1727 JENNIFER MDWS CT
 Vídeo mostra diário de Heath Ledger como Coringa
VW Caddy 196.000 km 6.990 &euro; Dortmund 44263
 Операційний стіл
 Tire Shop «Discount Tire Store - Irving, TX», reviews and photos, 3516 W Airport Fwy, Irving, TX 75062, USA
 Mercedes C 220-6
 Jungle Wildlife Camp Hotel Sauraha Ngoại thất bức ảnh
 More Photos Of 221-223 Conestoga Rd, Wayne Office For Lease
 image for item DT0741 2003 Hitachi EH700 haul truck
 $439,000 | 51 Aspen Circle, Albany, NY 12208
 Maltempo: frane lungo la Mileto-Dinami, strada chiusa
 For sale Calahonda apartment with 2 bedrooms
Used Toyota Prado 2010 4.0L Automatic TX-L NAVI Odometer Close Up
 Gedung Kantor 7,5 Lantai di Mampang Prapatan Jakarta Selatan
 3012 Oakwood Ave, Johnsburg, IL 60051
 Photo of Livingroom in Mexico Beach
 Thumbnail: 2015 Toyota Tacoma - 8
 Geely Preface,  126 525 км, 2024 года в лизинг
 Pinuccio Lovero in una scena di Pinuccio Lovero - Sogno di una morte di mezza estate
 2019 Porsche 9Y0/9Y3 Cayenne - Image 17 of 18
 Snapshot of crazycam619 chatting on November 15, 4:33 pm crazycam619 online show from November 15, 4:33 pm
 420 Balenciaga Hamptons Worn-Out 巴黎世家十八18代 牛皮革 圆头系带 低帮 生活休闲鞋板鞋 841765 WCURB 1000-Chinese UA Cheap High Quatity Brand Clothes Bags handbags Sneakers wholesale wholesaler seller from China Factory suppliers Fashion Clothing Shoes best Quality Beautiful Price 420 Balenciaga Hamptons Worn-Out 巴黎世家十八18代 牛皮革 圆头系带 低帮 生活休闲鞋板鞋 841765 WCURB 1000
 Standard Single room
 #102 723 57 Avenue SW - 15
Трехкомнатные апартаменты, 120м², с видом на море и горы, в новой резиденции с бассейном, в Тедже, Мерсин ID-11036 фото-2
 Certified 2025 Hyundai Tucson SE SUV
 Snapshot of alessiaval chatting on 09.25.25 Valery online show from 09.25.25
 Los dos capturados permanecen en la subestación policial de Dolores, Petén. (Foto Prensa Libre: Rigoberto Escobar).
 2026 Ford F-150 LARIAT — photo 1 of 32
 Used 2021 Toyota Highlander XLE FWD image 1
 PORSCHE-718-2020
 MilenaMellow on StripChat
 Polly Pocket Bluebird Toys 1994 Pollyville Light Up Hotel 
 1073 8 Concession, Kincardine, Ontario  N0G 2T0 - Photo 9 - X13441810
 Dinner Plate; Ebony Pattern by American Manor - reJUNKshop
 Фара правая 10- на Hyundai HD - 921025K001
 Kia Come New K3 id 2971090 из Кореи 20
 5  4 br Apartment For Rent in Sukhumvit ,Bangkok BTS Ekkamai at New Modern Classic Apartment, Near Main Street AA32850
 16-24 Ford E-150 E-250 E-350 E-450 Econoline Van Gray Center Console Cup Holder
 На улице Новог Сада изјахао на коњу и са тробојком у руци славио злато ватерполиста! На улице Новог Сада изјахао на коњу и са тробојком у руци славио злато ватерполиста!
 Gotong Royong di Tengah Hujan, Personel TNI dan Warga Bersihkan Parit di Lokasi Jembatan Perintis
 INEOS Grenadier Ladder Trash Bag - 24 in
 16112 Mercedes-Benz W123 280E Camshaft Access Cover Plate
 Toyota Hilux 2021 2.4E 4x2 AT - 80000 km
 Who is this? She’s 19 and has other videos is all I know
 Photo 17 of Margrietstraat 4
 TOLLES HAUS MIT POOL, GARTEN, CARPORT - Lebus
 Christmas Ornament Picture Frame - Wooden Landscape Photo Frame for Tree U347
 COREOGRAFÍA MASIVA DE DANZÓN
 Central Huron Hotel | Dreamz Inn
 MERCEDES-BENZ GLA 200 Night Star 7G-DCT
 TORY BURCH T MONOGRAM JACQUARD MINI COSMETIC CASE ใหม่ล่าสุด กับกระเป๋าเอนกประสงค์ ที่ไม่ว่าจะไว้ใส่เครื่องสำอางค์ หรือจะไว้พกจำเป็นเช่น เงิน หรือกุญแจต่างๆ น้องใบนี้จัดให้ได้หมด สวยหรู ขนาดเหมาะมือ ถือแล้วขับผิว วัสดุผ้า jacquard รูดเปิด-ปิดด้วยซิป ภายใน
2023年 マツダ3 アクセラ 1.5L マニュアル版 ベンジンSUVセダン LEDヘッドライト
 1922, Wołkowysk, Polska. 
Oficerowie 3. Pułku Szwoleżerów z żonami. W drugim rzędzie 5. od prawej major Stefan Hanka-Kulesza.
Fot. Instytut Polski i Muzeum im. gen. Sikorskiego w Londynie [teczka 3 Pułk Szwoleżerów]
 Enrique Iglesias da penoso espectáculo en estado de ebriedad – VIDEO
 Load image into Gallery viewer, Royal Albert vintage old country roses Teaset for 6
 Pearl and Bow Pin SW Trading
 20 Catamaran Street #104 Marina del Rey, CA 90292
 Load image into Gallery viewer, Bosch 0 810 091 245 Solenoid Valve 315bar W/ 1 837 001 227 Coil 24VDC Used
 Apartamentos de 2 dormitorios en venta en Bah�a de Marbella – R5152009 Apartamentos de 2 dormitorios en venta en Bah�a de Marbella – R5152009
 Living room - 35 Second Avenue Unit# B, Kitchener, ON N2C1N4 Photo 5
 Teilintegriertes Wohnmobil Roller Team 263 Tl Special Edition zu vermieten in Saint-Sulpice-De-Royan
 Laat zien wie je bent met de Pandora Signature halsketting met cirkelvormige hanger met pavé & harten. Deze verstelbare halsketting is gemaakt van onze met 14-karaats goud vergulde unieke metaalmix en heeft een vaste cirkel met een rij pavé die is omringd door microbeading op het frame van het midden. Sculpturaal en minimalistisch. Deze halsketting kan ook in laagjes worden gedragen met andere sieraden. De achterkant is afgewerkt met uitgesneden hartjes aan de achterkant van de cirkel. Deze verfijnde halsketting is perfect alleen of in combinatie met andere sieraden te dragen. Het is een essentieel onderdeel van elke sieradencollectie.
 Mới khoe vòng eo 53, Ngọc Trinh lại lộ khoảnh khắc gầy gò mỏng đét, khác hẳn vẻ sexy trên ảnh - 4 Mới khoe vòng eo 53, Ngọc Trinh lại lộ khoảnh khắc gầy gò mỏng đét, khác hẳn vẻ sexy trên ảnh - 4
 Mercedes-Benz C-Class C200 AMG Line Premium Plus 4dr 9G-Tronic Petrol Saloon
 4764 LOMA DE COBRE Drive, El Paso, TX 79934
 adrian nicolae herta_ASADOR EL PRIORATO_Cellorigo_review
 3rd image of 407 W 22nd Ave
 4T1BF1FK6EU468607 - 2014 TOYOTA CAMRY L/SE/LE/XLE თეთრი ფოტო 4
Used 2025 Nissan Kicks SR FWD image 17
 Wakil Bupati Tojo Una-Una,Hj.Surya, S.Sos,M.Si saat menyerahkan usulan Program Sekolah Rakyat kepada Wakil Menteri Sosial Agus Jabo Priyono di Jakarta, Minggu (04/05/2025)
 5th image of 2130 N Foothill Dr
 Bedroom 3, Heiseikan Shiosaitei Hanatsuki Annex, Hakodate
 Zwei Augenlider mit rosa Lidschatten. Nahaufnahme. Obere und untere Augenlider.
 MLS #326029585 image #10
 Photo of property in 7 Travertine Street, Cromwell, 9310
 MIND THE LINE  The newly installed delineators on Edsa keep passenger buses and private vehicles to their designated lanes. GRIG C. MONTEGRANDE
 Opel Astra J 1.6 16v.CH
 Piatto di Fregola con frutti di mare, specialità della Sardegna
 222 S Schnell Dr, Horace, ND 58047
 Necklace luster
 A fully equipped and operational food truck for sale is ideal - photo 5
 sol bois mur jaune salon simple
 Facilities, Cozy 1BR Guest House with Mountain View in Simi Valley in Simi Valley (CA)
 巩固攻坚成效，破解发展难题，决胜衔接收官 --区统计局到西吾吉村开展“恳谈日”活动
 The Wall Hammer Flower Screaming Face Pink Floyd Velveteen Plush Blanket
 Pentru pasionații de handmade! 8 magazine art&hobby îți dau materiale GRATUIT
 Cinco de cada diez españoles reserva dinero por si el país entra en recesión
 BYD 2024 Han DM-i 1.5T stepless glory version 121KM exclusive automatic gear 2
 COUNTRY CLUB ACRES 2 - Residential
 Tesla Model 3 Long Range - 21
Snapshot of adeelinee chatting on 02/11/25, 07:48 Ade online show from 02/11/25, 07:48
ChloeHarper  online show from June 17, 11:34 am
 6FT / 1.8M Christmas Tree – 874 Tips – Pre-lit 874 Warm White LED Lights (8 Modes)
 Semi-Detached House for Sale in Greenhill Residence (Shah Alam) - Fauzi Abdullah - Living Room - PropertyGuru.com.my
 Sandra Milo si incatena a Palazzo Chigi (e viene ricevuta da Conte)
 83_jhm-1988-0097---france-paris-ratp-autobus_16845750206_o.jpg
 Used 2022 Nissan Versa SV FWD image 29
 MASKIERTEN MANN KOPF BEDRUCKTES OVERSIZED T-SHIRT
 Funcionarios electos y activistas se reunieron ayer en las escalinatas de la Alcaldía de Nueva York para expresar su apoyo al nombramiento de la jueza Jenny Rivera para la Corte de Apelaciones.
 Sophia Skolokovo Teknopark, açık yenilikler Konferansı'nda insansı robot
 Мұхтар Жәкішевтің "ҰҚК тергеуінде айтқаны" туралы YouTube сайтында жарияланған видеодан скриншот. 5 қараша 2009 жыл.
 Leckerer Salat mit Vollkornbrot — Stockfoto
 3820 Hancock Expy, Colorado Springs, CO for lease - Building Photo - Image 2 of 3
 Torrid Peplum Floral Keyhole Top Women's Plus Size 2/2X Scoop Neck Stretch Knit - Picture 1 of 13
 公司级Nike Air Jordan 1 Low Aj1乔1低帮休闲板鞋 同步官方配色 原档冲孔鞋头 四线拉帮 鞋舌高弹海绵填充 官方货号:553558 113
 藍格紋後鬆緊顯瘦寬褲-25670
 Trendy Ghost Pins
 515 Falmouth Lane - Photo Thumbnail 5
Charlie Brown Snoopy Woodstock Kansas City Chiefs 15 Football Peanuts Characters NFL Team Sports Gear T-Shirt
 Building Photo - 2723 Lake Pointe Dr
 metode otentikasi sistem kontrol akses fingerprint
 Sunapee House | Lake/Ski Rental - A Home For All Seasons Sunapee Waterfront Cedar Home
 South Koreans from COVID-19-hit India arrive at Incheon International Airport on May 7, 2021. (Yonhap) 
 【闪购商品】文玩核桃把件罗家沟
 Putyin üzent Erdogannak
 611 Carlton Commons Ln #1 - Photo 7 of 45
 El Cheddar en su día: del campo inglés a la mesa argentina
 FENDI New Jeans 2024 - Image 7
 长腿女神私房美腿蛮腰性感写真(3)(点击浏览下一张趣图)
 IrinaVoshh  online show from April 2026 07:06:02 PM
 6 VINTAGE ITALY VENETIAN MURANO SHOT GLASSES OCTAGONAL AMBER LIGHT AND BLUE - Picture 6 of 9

+ + + + +

About this task. Starting at the first line of the listing, retype every line up to and including the one with "TX 75062, USA".

Result.
1727 JENNIFER MDWS CT
 Vídeo mostra diário de Heath Ledger como Coringa
VW Caddy 196.000 km 6.990 &euro; Dortmund 44263
 Операційний стіл
 Tire Shop «Discount Tire Store - Irving, TX», reviews and photos, 3516 W Airport Fwy, Irving, TX 75062, USA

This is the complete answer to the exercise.